Data shown START

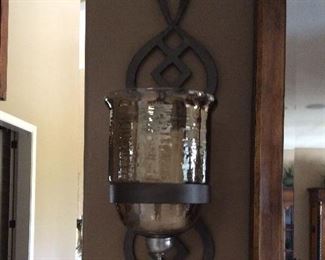 Pair of wall sconces.  Add flameless candles and your previously dull wall has personality and charm.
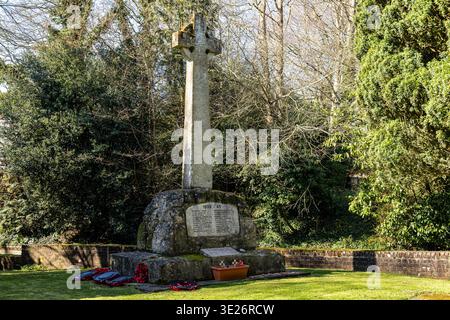 Ein steinernes Kriegsdenkmal-Kreuz mit eingravierten Namen zum Gedenken an die Soldaten des Weltkriegs in einem friedlichen Garten in der St. John the Baptist Church Pewsey Wilts Stockfoto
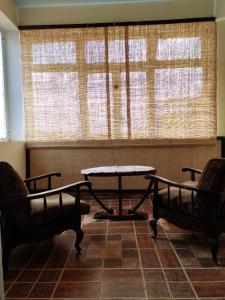 a room with two chairs and a table and a window at Résidence Tianay in Antananarivo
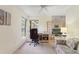 Home office with window, desk, and view of living room at 405 High Vista Dr, Davenport, FL 33837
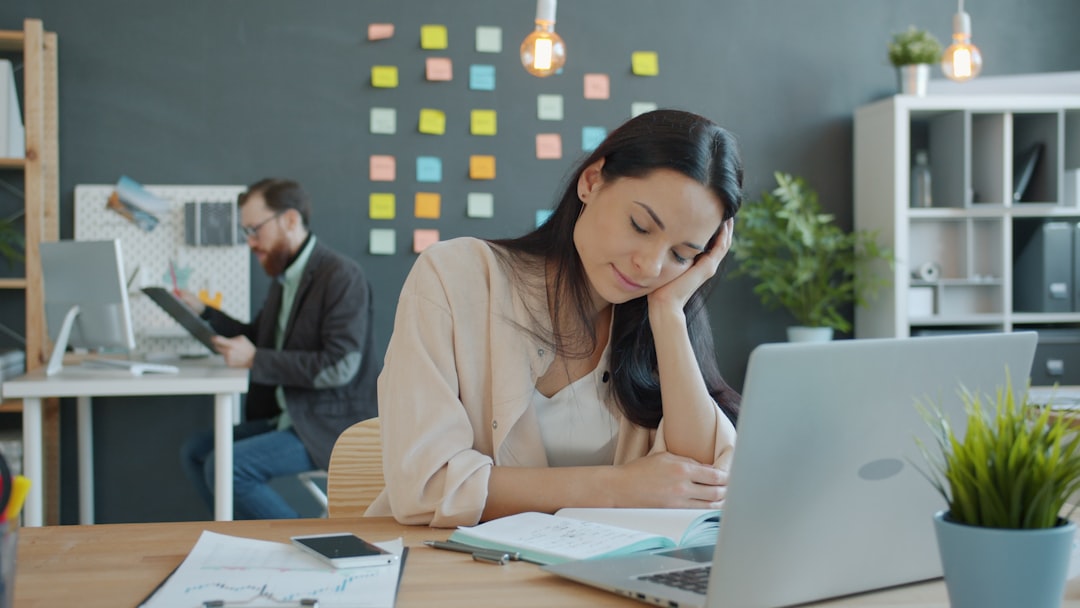 Business owner sitting at a desk late at night, looking exhausted while surrounded by work.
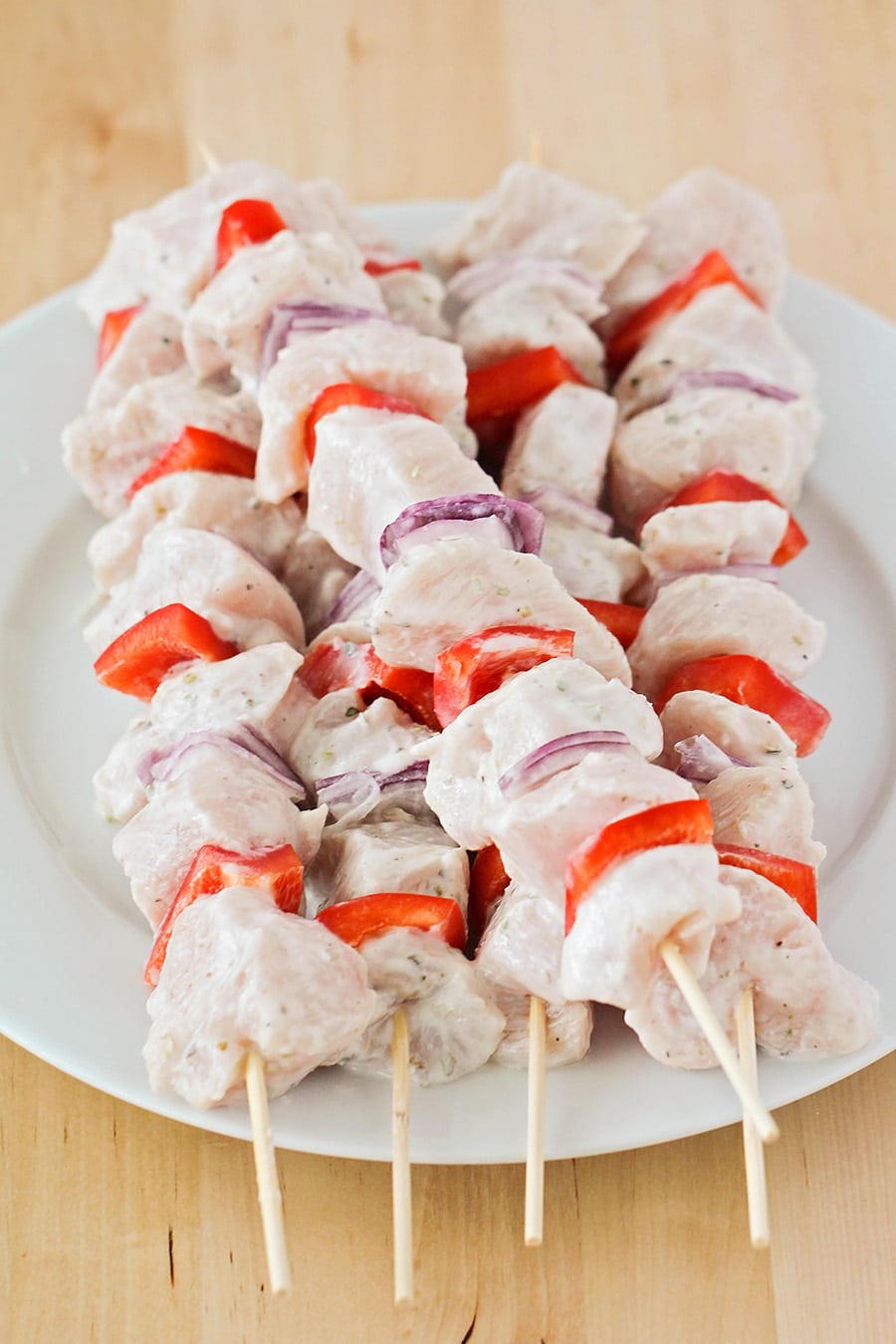 Greek chicken souvlaki skewers marinating before going in the oven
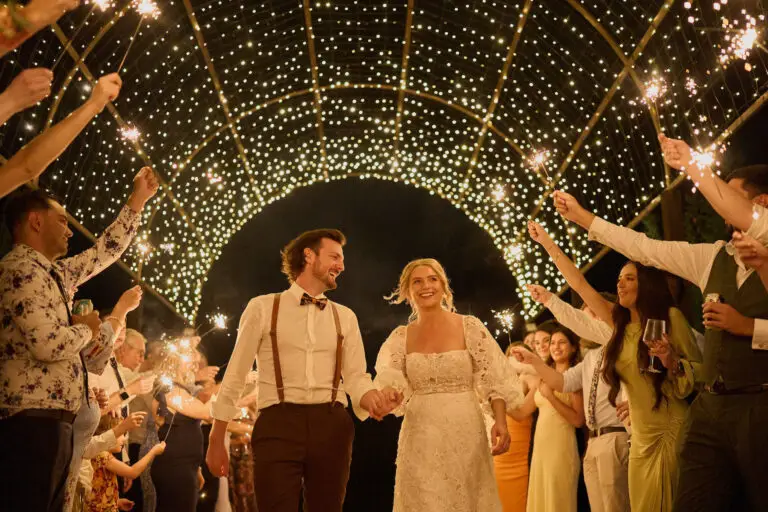 Two happy couples walking under the beautiful fairy lit dome at the Hunter Valley Wedding Venue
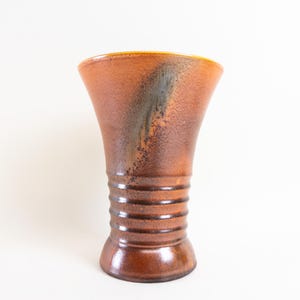 以下が含まれることがあります： 茶色いセラミックの花瓶で、開口部が広く、底がリブ状になっています。花瓶は、茶色、オレンジ、グレーの色の斑点のある釉薬がかかっています。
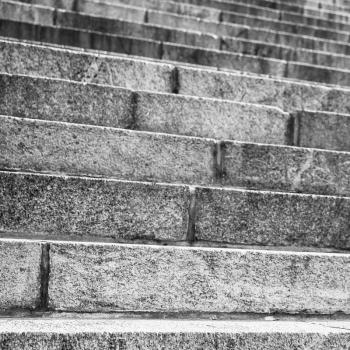 Abstract architecture fragment. Old stairway made of gray granite stone blocks, square closeup photo with selective focus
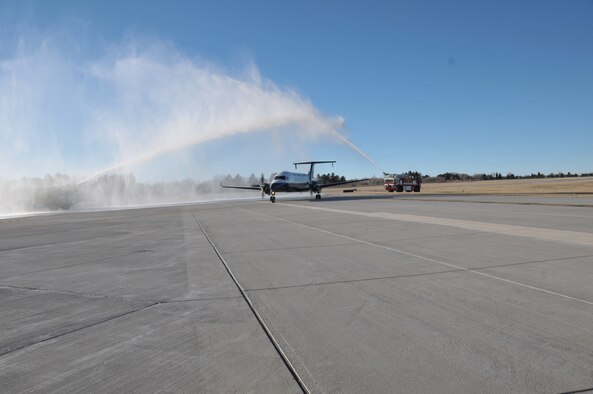 A Great Lakes Aviation aircraft taxis through a water arch, supplied by fire trucks from the 153rd Civil Engineer Squadron, Wyoming Air National Guard, Cheyenne, Wyo. The commercial aircraft is carrying 11 members of the 153 CES home from a 120-day deployment to Balad Air Base, Iraq and was given a special home coming via their fellow firefighters who protect and serve the Wyoming Air National Guard base and the Cheyenne Regional Airport. (U.S. Air Force photo by Master Sgt. Paul Mann)(Released)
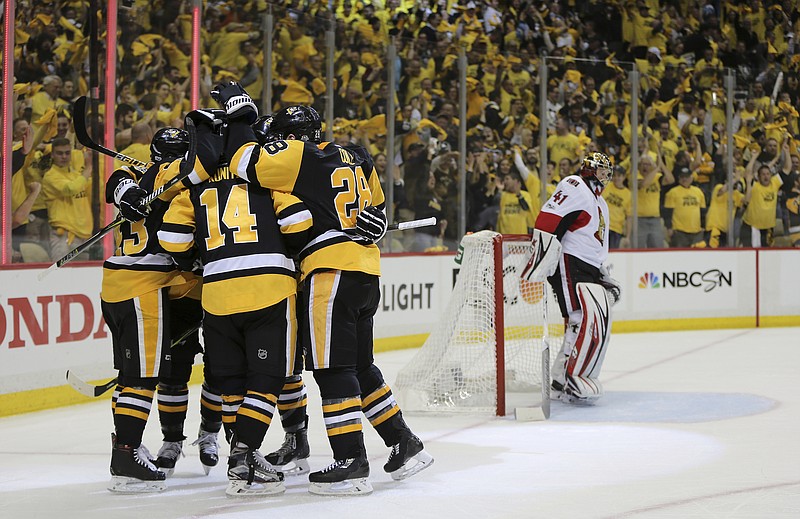 Pittsburgh Penguins left wing Chris Kunitz (14) celebrates with teammates after scoring a goal against the Ottawa Senators during the second period of Game 7 in the NHL hockey Stanley Cup Eastern Conference finals, Thursday, May 25, 2017, in Pittsburgh. (AP Photo/Keith Srakocic)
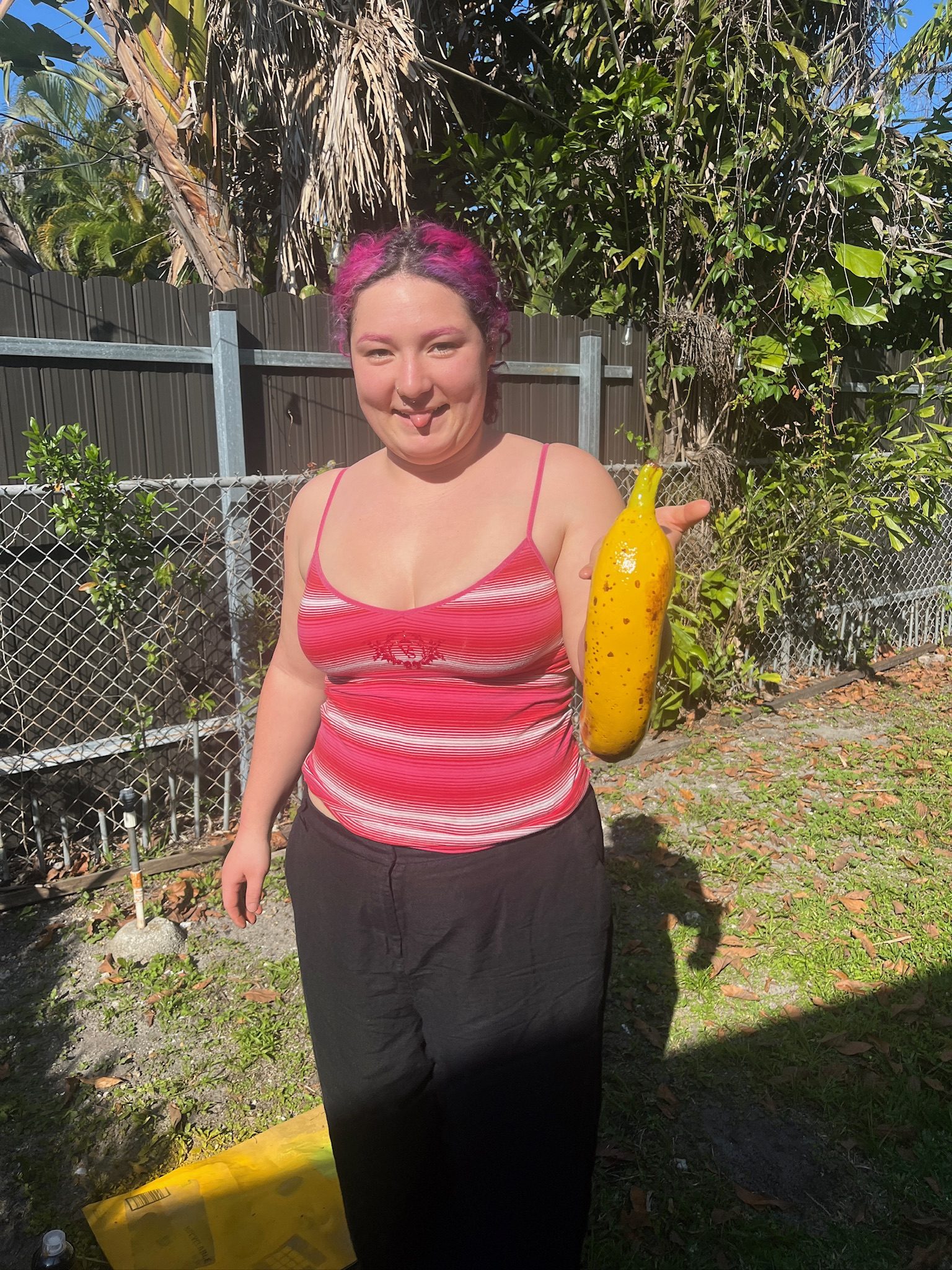 Holding the finished painted banana handset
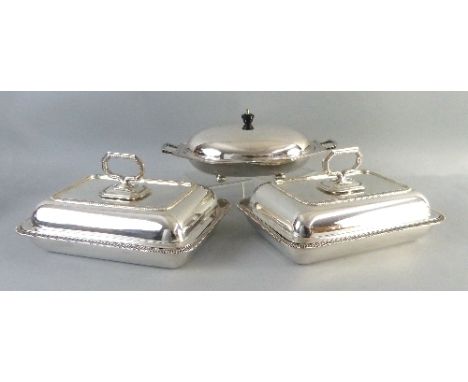 A pair of entree dishes and covers,  each of rounded oblong form with gadrooned rims and removable ring handles, 28cm wide an
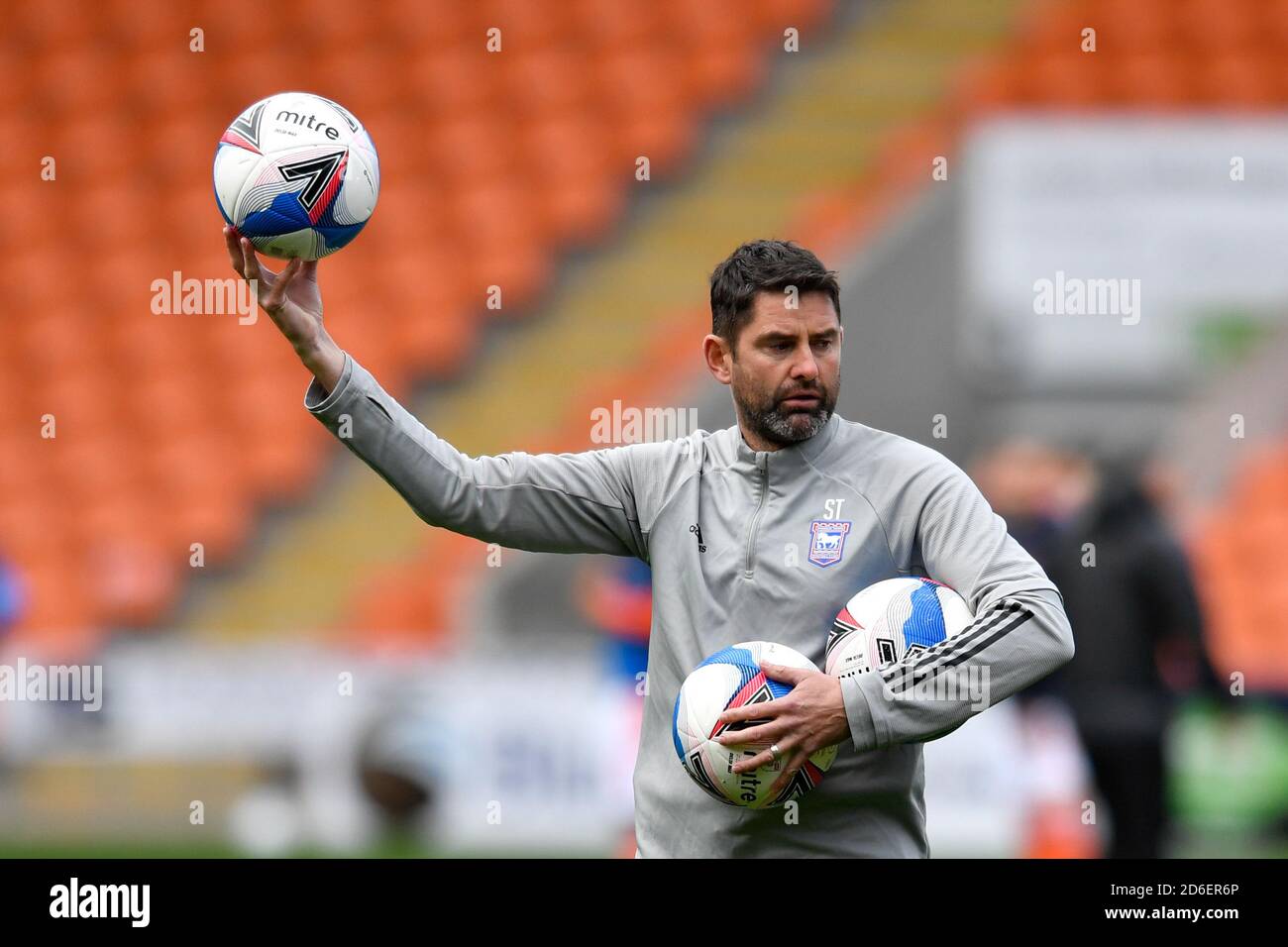 Stuart Taylor assistant manager of Ipswich leads the warm up Stock Photo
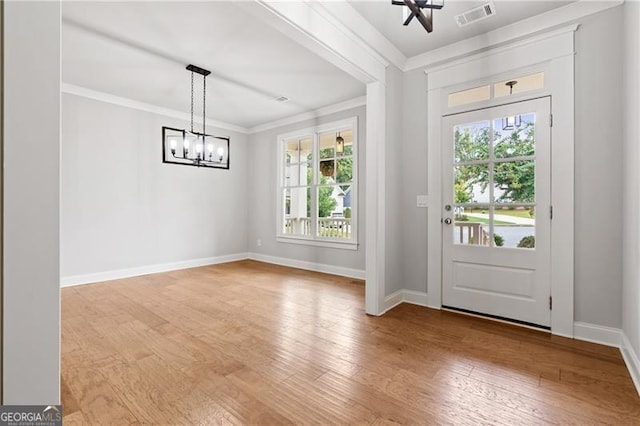 doorway featuring ornamental molding, hardwood / wood-style flooring, a chandelier, and a wealth of natural light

Data shown END

▶ **Work to complete**
Starting with the first line of the data, transcribe every line exactly through the one containing "A Great Lakes". No pictures go in.

▶ **Exercise response**
 Pair of wall sconces.  Add flameless candles and your previously dull wall has personality and charm.
 Ein steinernes Kriegsdenkmal-Kreuz mit eingravierten Namen zum Gedenken an die Soldaten des Weltkriegs in einem friedlichen Garten in der St. John the Baptist Church Pewsey Wilts Stockfoto
 a room with two chairs and a table and a window at Résidence Tianay in Antananarivo
 Home office with window, desk, and view of living room at 405 High Vista Dr, Davenport, FL 33837
 Business owner sitting at a desk late at night, looking exhausted while surrounded by work.
 Greek chicken souvlaki skewers marinating before going in the oven
 Two happy couples walking under the beautiful fairy lit dome at the Hunter Valley Wedding Venue
 以下が含まれることがあります： 茶色いセラミックの花瓶で、開口部が広く、底がリブ状になっています。花瓶は、茶色、オレンジ、グレーの色の斑点のある釉薬がかかっています。
 Abstract architecture fragment. Old stairway made of gray granite stone blocks, square closeup photo with selective focus
 A Great Lakes Aviation aircraft taxis through a water arch, supplied by fire trucks from the 153rd Civil Engineer Squadron, Wyoming Air National Guard, Cheyenne, Wyo. The commercial aircraft is carrying 11 members of the 153 CES home from a 120-day deployment to Balad Air Base, Iraq and was given a special home coming via their fellow firefighters who protect and serve the Wyoming Air National Guard base and the Cheyenne Regional Airport. (U.S. Air Force photo by Master Sgt. Paul Mann)(Released)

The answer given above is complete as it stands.